We are always trying to find dishes to bring to a family lunch. It helps us determine if the recipe is worth keeping. If enough people eat it, and like it of course, it stays but if not, it is on to the next one. It has to be something quick and easy but delicious enough for people to remember. Coleslaw is usually a staple for summer barbeques and a great side dish for any meal. Here is an Asian Slaw that we think is definitely a keeper! Instead of the typical coleslaw, which usually contains mayonnaise, this recipe is filled with healthy ingredients that will keep you energized and full.

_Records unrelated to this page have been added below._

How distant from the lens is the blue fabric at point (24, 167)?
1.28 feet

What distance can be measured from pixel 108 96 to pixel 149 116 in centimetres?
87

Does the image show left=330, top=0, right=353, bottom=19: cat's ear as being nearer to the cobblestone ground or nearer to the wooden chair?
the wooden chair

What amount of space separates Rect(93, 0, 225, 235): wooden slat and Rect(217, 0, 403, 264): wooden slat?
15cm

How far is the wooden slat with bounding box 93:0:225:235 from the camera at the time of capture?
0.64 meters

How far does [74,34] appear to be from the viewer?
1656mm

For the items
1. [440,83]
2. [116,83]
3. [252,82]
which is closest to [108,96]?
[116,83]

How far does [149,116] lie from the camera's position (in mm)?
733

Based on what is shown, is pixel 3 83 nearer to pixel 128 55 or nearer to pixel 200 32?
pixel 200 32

You are going to love it!
- 1 16oz bag Broccoli Slaw
- ½ cup slivered almonds
- ½ cup roasted sunflower seeds
- 1 bunch of green onions, chopped
- 1 box of Quinoa spaghetti (could use whole wheat pasta or brown rice pasta as well)
- 16 oz bag of edamame (soy beans)
- 3 packets of Stevia (2-3 table spoons of the sweetener of your choice)

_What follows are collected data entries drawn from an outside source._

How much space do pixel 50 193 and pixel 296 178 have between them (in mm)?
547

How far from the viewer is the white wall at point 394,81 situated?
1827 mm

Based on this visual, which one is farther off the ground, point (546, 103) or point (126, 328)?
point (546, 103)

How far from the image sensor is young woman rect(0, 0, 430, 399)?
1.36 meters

- ¼ cup of canola oil or olive oil
- 1/3 cup apple cider vinegar
- ¼ cup Tamari (soy sauce)
We broke the Quinoa spaghetti noodles in about 2 inch pieces before cooking. Cook edamame (only takes a few minutes in the microwave). Combine all dry ingredients. Mix oil, vinegar, soy sauce and stevia in a bowl then pour over slaw. Mix well and place in refrigerator for a couple hours to marinate.